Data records
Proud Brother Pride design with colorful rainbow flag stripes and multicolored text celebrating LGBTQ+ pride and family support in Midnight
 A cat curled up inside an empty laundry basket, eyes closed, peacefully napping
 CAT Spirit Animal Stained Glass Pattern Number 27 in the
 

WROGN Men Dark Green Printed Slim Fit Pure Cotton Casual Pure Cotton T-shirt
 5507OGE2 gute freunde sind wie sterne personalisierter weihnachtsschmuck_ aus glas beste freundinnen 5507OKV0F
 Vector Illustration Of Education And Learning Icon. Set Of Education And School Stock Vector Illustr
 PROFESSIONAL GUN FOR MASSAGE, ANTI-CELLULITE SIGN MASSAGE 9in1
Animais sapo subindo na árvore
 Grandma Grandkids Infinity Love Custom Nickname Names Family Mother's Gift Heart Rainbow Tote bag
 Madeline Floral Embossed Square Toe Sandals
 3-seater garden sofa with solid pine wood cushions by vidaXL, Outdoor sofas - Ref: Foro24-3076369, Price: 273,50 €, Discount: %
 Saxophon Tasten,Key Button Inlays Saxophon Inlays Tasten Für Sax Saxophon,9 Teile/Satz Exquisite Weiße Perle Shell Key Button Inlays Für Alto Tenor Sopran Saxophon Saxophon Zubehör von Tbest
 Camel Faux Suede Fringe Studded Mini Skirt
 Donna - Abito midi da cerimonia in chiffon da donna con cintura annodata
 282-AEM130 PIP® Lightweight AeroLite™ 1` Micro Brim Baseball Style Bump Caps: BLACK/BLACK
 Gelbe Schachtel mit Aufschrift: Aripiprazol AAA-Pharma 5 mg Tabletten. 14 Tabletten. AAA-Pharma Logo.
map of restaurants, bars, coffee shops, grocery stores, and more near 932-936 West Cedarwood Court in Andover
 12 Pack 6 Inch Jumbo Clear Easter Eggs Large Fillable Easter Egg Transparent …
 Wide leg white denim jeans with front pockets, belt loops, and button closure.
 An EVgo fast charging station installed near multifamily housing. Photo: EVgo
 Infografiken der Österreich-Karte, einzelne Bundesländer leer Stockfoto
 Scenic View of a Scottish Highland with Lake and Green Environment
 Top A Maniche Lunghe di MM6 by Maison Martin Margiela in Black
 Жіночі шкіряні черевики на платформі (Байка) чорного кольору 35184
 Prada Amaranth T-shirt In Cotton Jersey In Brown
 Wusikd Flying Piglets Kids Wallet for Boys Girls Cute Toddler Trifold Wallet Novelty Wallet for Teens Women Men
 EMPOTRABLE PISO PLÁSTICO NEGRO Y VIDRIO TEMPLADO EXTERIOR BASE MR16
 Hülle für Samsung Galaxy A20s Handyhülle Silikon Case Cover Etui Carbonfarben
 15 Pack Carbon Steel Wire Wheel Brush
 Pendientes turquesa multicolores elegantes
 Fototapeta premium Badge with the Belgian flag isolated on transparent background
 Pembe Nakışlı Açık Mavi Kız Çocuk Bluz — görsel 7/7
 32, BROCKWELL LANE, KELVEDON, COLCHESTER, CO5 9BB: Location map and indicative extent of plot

WHAT YOU SHOULD DO — Only the lines above starting at the line that holds "Vector Illustration Of" and ending at the line that holds "Animais sapo subindo na árvore" are to be repeated, exactly and in full.

SOLUTION —
 Vector Illustration Of Education And Learning Icon. Set Of Education And School Stock Vector Illustr
 PROFESSIONAL GUN FOR MASSAGE, ANTI-CELLULITE SIGN MASSAGE 9in1
Animais sapo subindo na árvore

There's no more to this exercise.